Chicken producer Sanderson Farms Inc. reported Tuesday it swung to a quarterly profit compared to a year ago, helped by a combination of lower feed-grain costs, higher poultry prices, and supply cuts.
For the quarter ended July 31, Sanderson posted net income of $43 million, or $2.09 a share. It lost $3.6 million a year ago when U.S. chicken suppliers suffered from oversupply, record-high prices for corn and soybean meal, and weak demand from sit-down restaurants. Sales rose 8% to $504.8 million for the quarter.

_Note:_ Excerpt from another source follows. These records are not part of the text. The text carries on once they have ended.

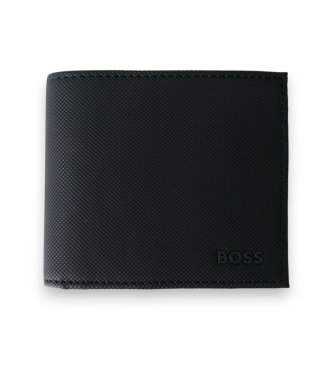 BOSS Bolsa de couro Catch 3.0 preta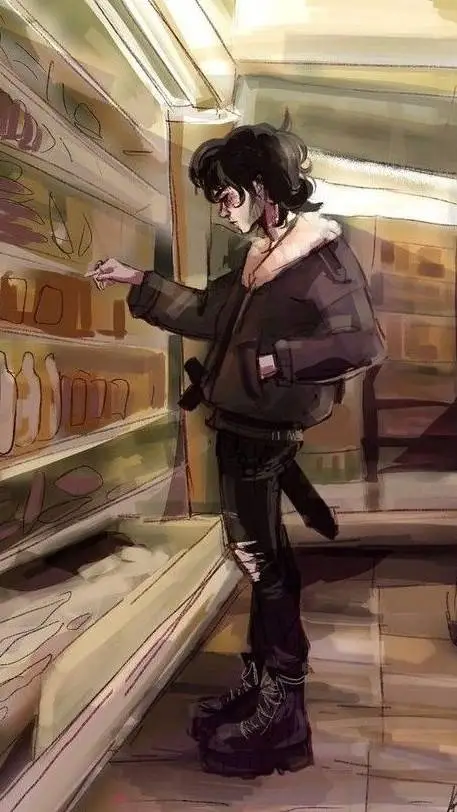 ai character: four horsemen  background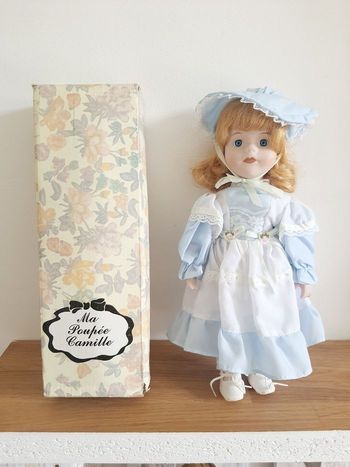 Ma poupée Camille Damart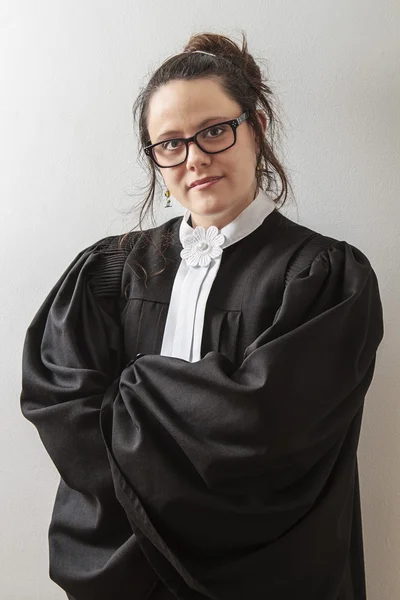 Жінка-юрист — стокове фото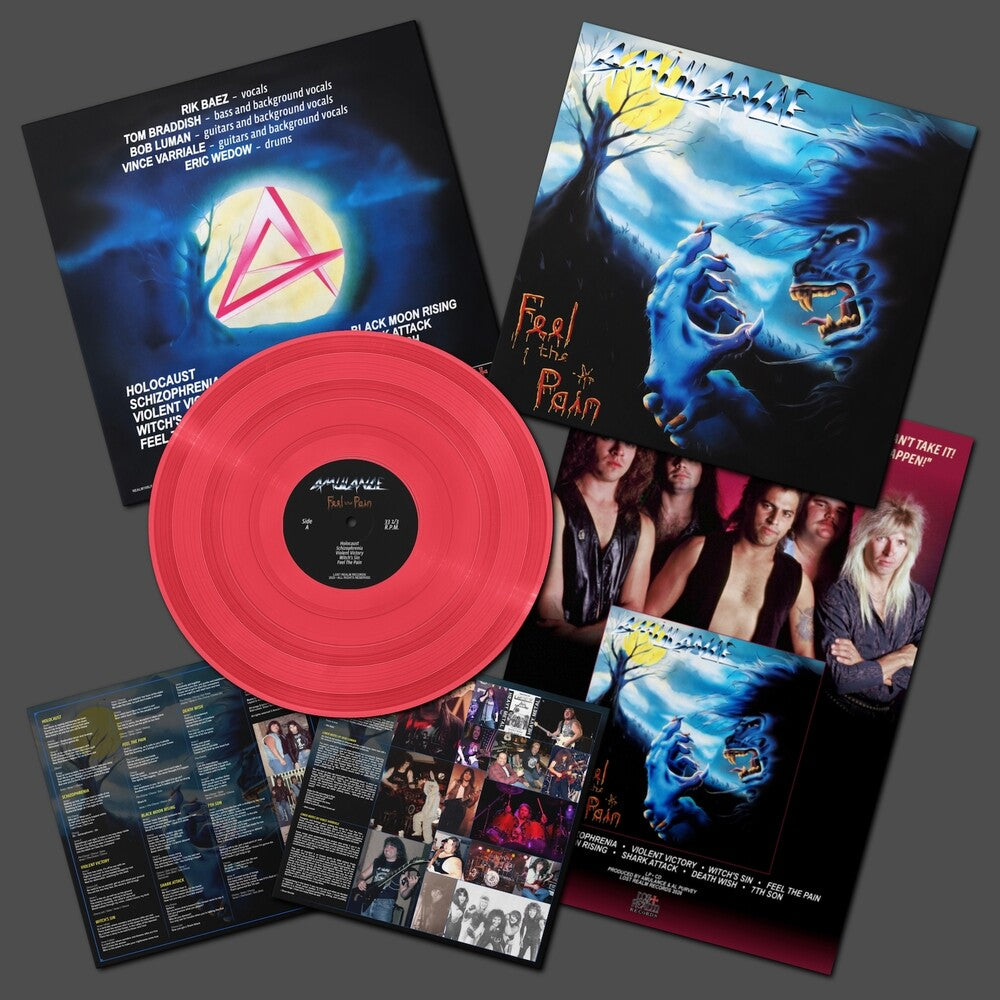 Feel The Pain [Colored Vinyl]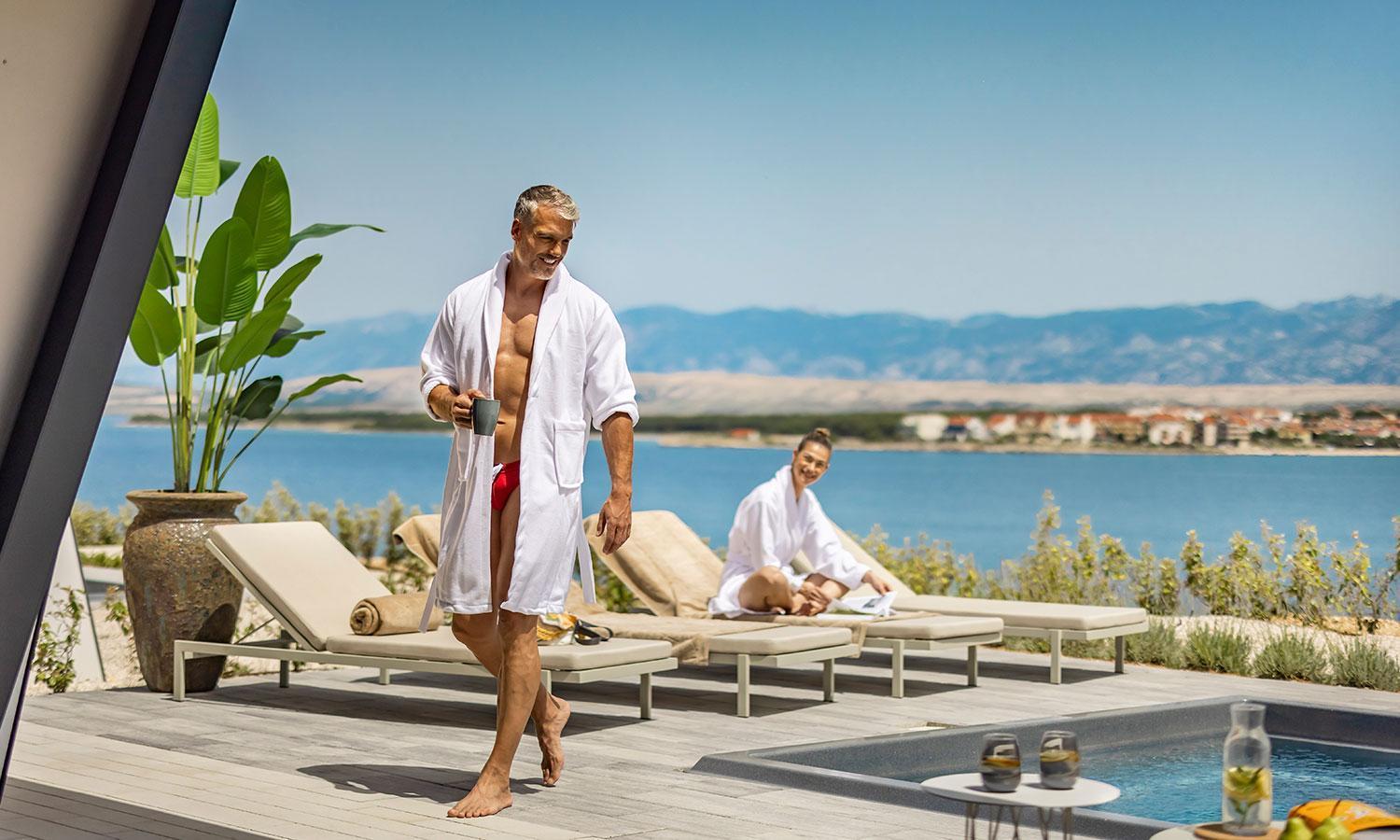 Aminess Style Glamping & Homes Avalona Parc de vacanță Povljana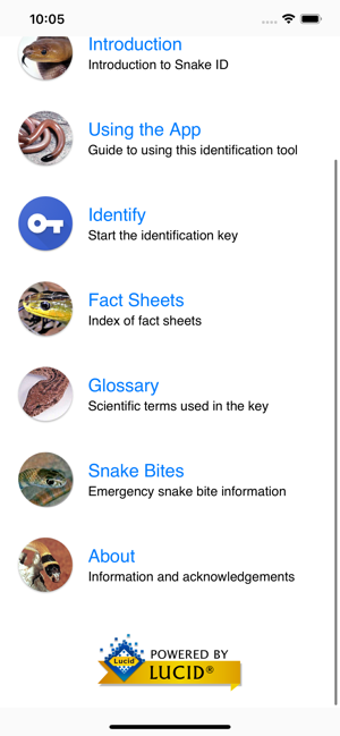 Imagen 1 para Australian Snake ID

The results beat Wall Street's estimate for Sanderson (SAFM 38.19, +0.10, +0.26%) to earn $1.51 a share on sales of $470 million, according to a FactSet analyst survey.
U.S. chicken producers are doing better after supply cuts and former pricing. The poultry unit at Tyson Foods /quotes/comstock/13*!tsn/quotes/nls/tsn (TSN 12.70, +0.32, +2.58%) reported its first operating profit in more than a year for the quarter ended June 27.
Sanderson said whole chicken prices rose 2.3% from a year ago, while boneless breast meat prices increased 3.4%. The company said its cash market prices for corn and soybean meal dropped 26.7%. Sanderson does not hedge its feed-grain costs through use of options or derivatives on the financial commodity exchanges.
Sanderson said its Waco, Tex. chicken plant is now operating at full capacity. This year, it had been running the two-year old plant at almost full throttle while cutting production by 14% at its Mississippi and Louisiana plants, a move to restore profit.
The company is more optimistic. Last month, Sanderson restarted plans to build a new chicken facility in Kinston, N.C. It had put those plans on hold when poultry demand faltered and the company looked to conserve cash.